*** Block opens ***

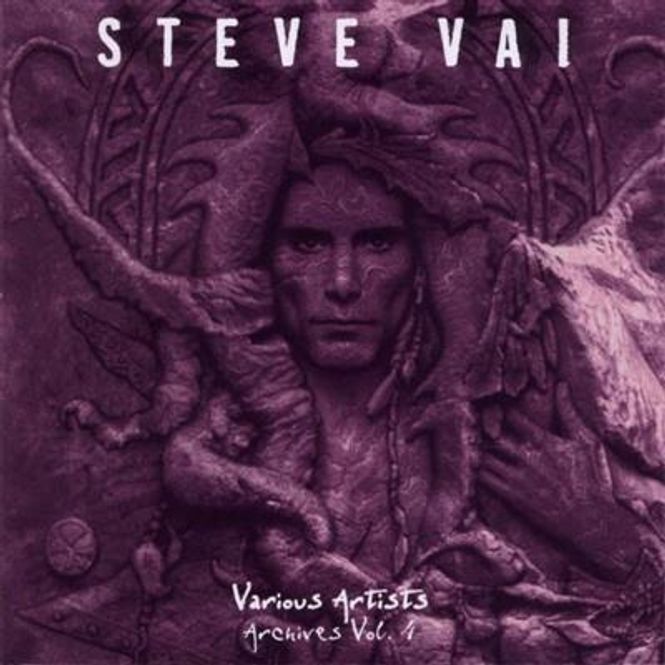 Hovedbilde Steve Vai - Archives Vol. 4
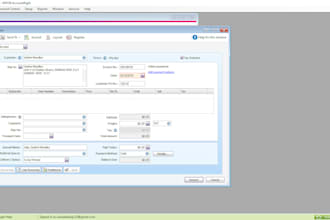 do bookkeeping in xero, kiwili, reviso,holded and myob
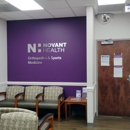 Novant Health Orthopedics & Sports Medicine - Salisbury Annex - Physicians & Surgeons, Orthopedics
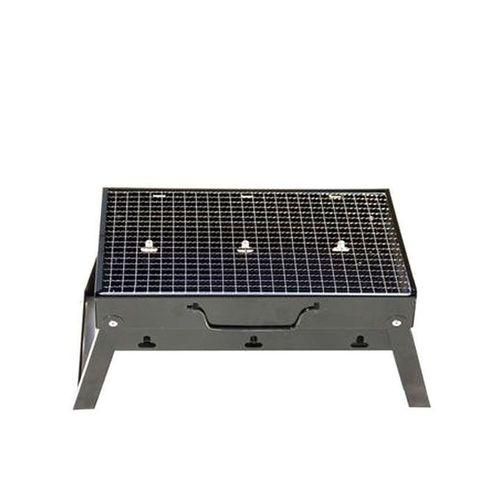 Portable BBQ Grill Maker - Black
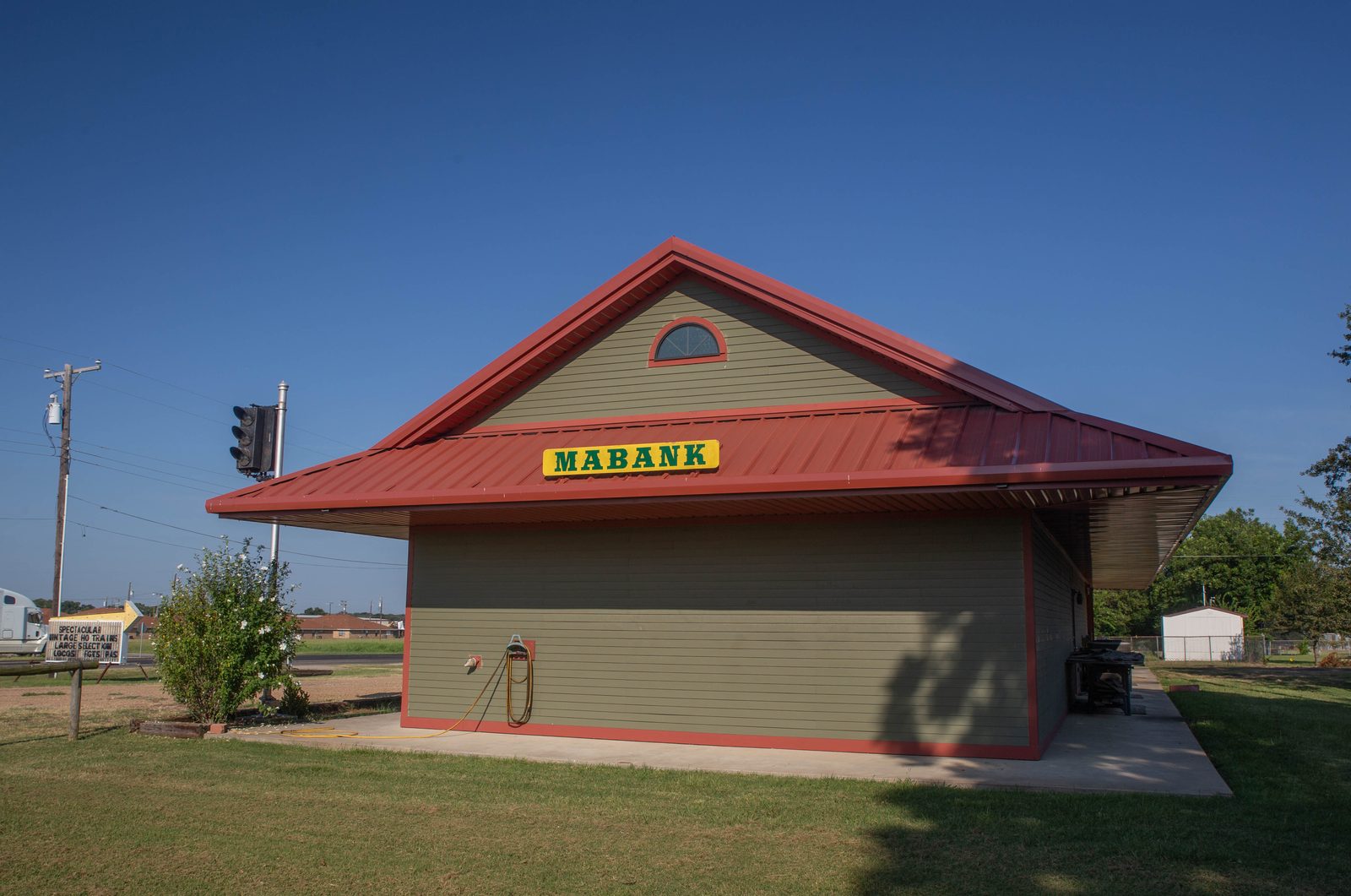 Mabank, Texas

*** Block closes ***

*Your instructions*. Print every line above once more, exactly. Omit the pictures.

*Task output*.
 Hovedbilde Steve Vai - Archives Vol. 4
 do bookkeeping in xero, kiwili, reviso,holded and myob
 Novant Health Orthopedics & Sports Medicine - Salisbury Annex - Physicians & Surgeons, Orthopedics
 Portable BBQ Grill Maker - Black
 Mabank, Texas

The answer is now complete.